Copy exactly the lines of the data below, beginning with the line with "Sunpan Bronwyn Round" and ending with the line with "NC license plate DIA3340". Pictures are to be omitted.

- [EXERCISE MATERIAL]:
# # # # # # #

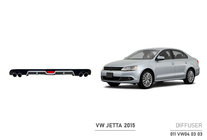 Volkswagen Jetta 2011-2018 Heckdiffusor Aufsatz (2014+, ABS, Schwarz) Foto 1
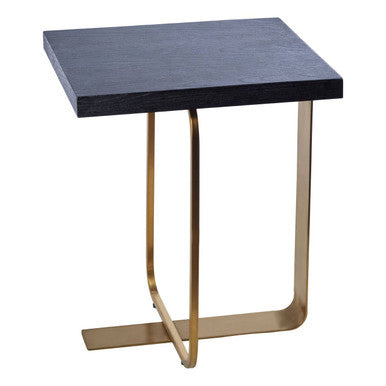 Orsina Lena Rectangular Side Table | Grey Oak Top & Gold Base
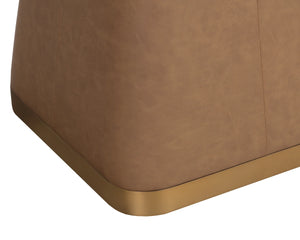 Sunpan Bronwyn Round Marble Dining Table Faux Leather Base Brushed Metal Plinth 48 Inch 112501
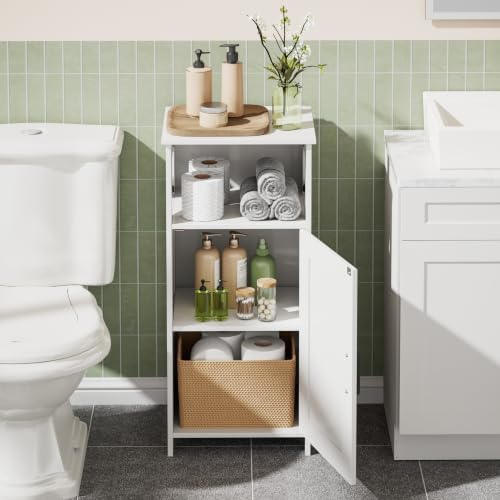 Homhedy Farmhouse Bathroom Storage Cabinet with Doors, Small Floor Cabinet - Image 3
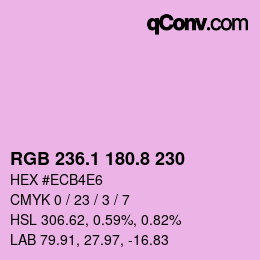 カラーコード: RGB 236.1 180.8 230 | qconv.com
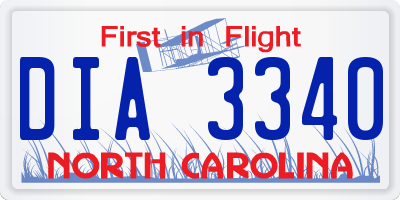 NC license plate DIA3340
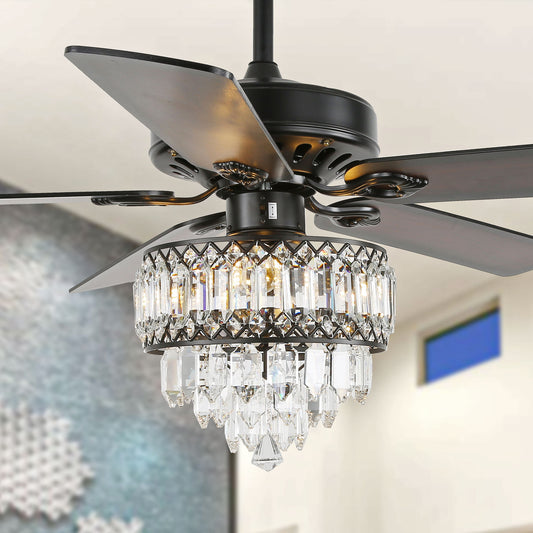 DC2044-B/C-BellaDepot 52" Black/Chrome Luxury Crystal Reversible Ceiling Fan with Remote and 3 Lights, Large Size Ceiling Fan for All Seasons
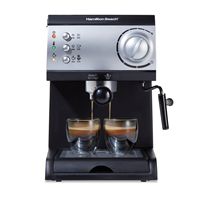 Hamilton Beach - Espresso Maker with Milk Frother/Milk Steamer - Black - Angle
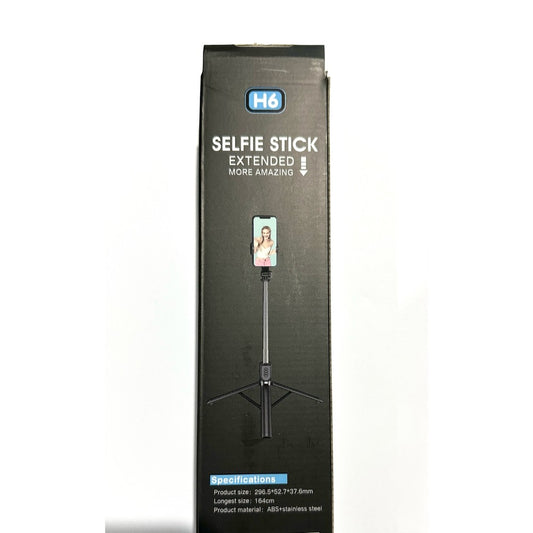 Selfie Stick H6 360 Rotated Extendable Tripod With Remote - Black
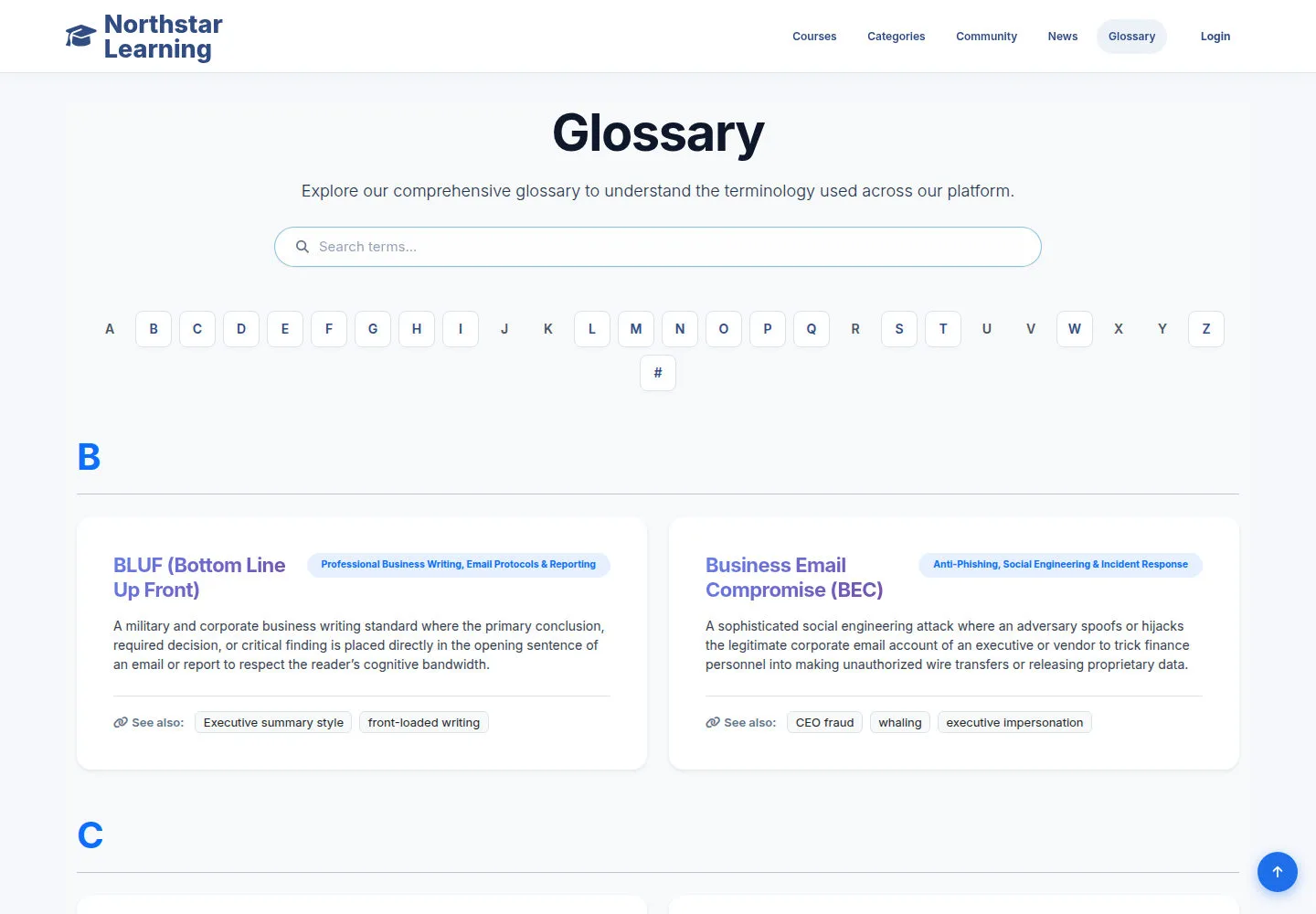 Look up a term in the Glossary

# # # # # # #

- [PROBLEM SOLUTION]:
 Sunpan Bronwyn Round Marble Dining Table Faux Leather Base Brushed Metal Plinth 48 Inch 112501
 Homhedy Farmhouse Bathroom Storage Cabinet with Doors, Small Floor Cabinet - Image 3
 カラーコード: RGB 236.1 180.8 230 | qconv.com
 NC license plate DIA3340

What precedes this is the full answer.